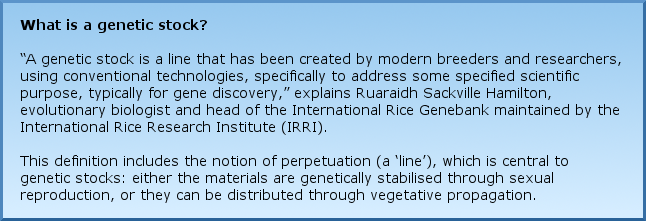 What is a genetic stock? “A genetic stock is a line that has been created by modern breeders and researchers, using conventional technologies, specifically to address some specified scientific purpose, typically for gene discovery,” explains Ruaraidh Sackville Hamilton, evolutionary biologist and head of the International Rice Genebank maintained by the International Rice Research Institute (IRRI). This definition includes the notion of perpetuation (a ‘line’), which is central to genetic stocks: either the materials are genetically stabilised through sexual reproduction, or they can be distributed through vegetative propagation.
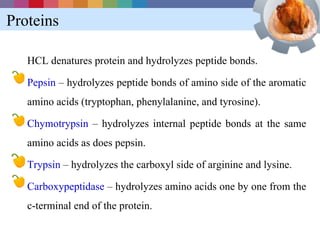 Proteins

   HCL denatures protein and hydrolyzes peptide bonds.

   Pepsin – hydrolyzes peptide bonds of amino side of the aromatic
   amino acids (tryptophan, phenylalanine, and tyrosine).

   Chymotrypsin – hydrolyzes internal peptide bonds at the same
   amino acids as does pepsin.

   Trypsin – hydrolyzes the carboxyl side of arginine and lysine.

   Carboxypeptidase – hydrolyzes amino acids one by one from the
   c-terminal end of the protein.
 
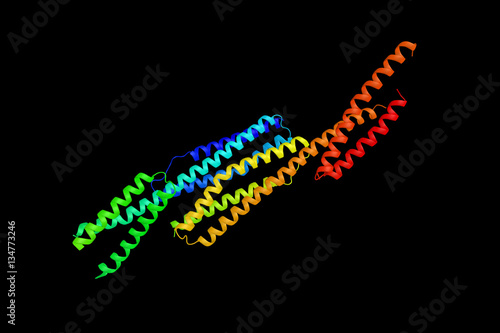 Alpha II-spectrin, a protein expressed in a variety of tissues, photo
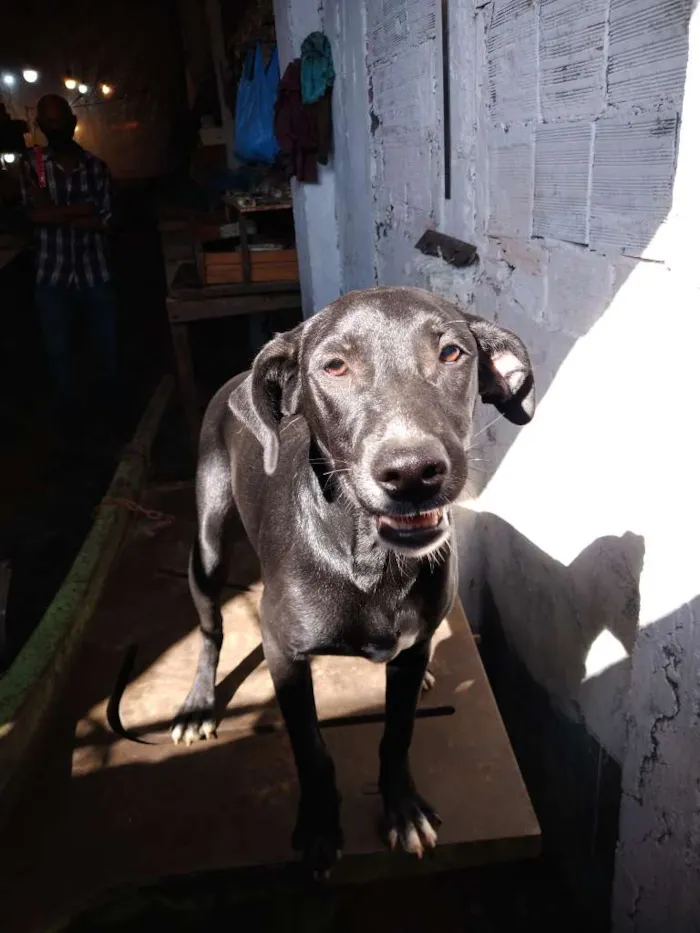 Cachorro ra a SRD-ViraLata idade 7 a 11 meses nome Tchala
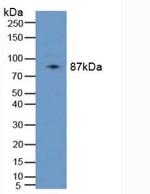 PLAA Antibody in Western Blot (WB)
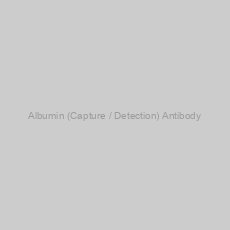 Image of Albumin (Capture / Detection) Antibody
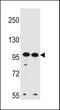 WD Repeat Domain 3 antibody, 56-482, ProSci, Western Blot image 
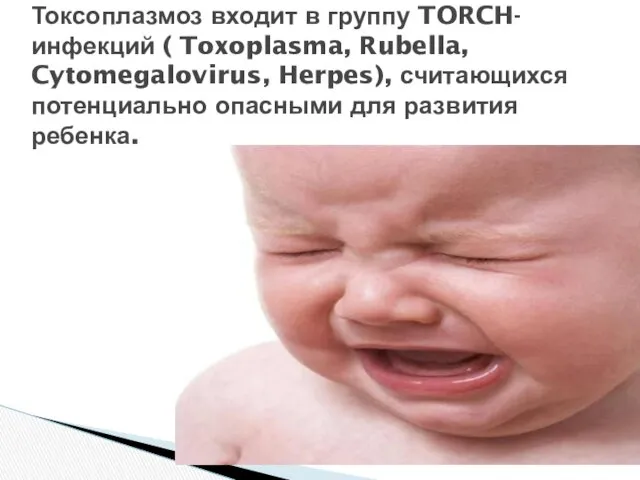 Токсоплазмоз входит в группу TORCH-инфекций ( Toxoplasma, Rubella, Cytomegalovirus, Herpes), считающихся потенциально опасными для развития ребенка.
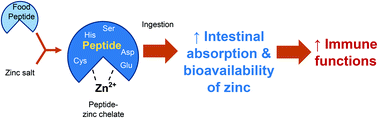 Graphical abstract: Prospects of enhancing dietary zinc bioavailability with food-derived zinc-chelating peptides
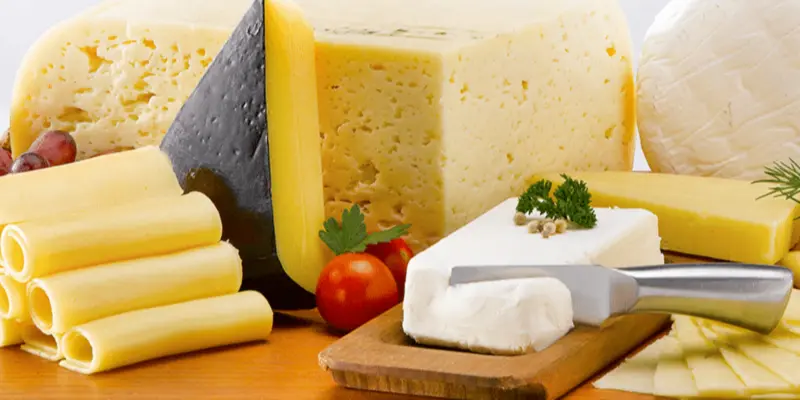 bacterias en quesos - Qué alimentos son producidos por bacterias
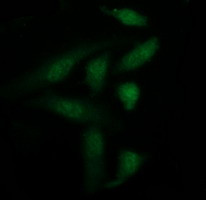 LGALS3 Antibody in Immunocytochemistry (ICC/IF)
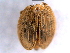  (Eutropistini - BIOUG02557-C12)  @14 [ ] CreativeCommons - Attribution (2013) CBG Photography Group Centre for Biodiversity Genomics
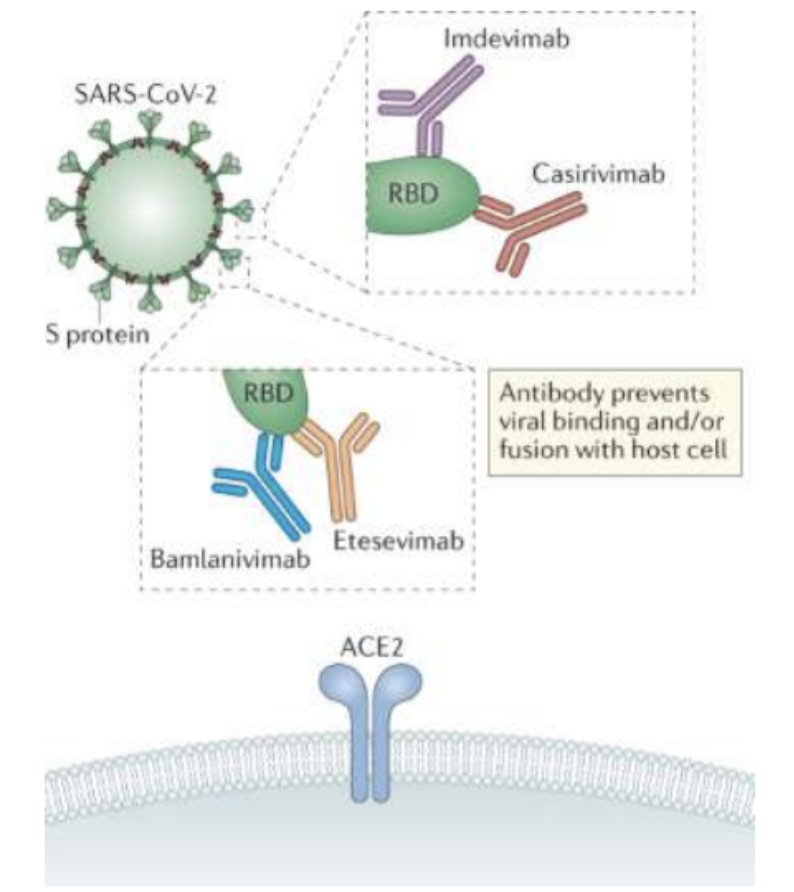 <p><strong>Monoclonal antibodies</strong></p>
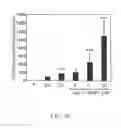 Fig. 06 - METHODS FOR IDENTIFYING, ISOLATING, AND UTILIZING ENDOCRINE PROGENITOR CELLS FROM ADULT HUMAN PANCREAS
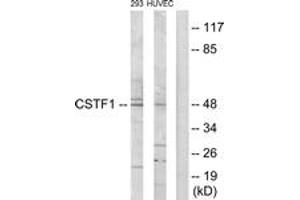Western blot analysis of extracts from HuvEc/293 cells, using CSTF1 Antibody. (CSTF1 anticorps  (AA 1-50))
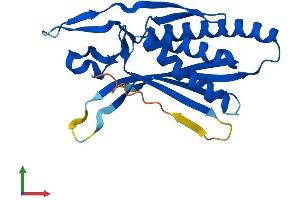 AlphaFold protein structure predicition of Mouse Recombinant Atg101 Protein, UniprotID Q9D8Z6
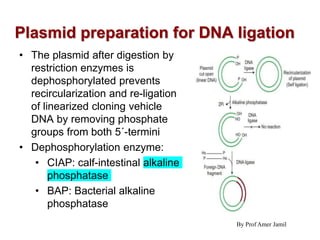 Plasmid preparation for DNA ligation
• The plasmid after digestion by
restriction enzymes is
dephosphorylated prevents
recircularization and re-ligation
of linearized cloning vehicle
DNA by removing phosphate
groups from both 5´-termini
• Dephosphorylation enzyme:
• CIAP: calf-intestinal alkaline
phosphatase
• BAP: Bacterial alkaline
phosphatase
By Prof Amer Jamil
 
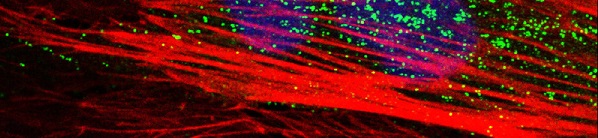 Microscopic image of cells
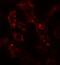 ADP Ribosylation Factor 6 antibody, GTX31908, GeneTex, Immunohistochemistry paraffin image 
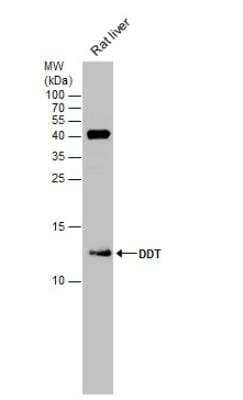 Western Blot: DDT Antibody [NBP1-33461] - Rat tissue extract (50 ug) was separated by 15% SDS-PAGE, and the membrane was blotted with DDT antibody [N1C3] diluted at 1:500.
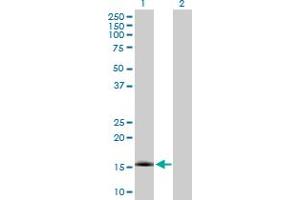 Western Blot analysis of NXT1 expression in transfected 293T cell line by NXT1 MaxPab polyclonal antibody. (NXT1 anticorps  (AA 1-140))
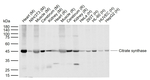 Citrate Synthase Monoclonal Antibody (C9H4)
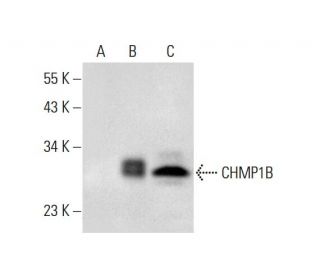 CHMP1B Antibody (D-10) - Western Blotting - Image 311728 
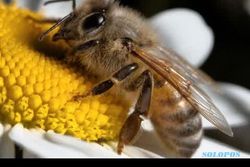 Lebah Ternyata Bisa Deteksi Virus Covid-19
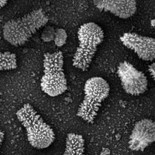 Este nuevo virus hallado en Brasil es tan grande que desafía lo que sabíamos hasta ahora sobre estas criaturas Este nuevo virus hallado en Brasil es tan grande que desafía lo que sabíamos hasta ahora sobre estas criaturas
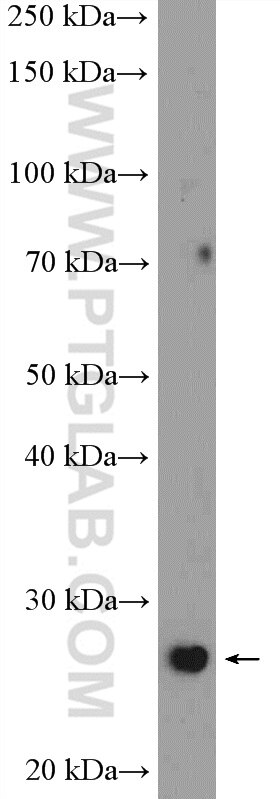 Western Blot (WB) analysis of BxPC-3 cells using ATF5 Polyclonal antibody (15260-1-AP)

Work to complete
Take the material above from its first line through the line holding "WD Repeat Domain" and set it down exactly, without the pictures.

Solution to the problem
 What is a genetic stock? “A genetic stock is a line that has been created by modern breeders and researchers, using conventional technologies, specifically to address some specified scientific purpose, typically for gene discovery,” explains Ruaraidh Sackville Hamilton, evolutionary biologist and head of the International Rice Genebank maintained by the International Rice Research Institute (IRRI). This definition includes the notion of perpetuation (a ‘line’), which is central to genetic stocks: either the materials are genetically stabilised through sexual reproduction, or they can be distributed through vegetative propagation.
 Proteins

   HCL denatures protein and hydrolyzes peptide bonds.

   Pepsin – hydrolyzes peptide bonds of amino side of the aromatic
   amino acids (tryptophan, phenylalanine, and tyrosine).

   Chymotrypsin – hydrolyzes internal peptide bonds at the same
   amino acids as does pepsin.

   Trypsin – hydrolyzes the carboxyl side of arginine and lysine.

   Carboxypeptidase – hydrolyzes amino acids one by one from the
   c-terminal end of the protein.
 
 Alpha II-spectrin, a protein expressed in a variety of tissues, photo
 Cachorro ra a SRD-ViraLata idade 7 a 11 meses nome Tchala
 PLAA Antibody in Western Blot (WB)
 Image of Albumin (Capture / Detection) Antibody
 WD Repeat Domain 3 antibody, 56-482, ProSci, Western Blot image 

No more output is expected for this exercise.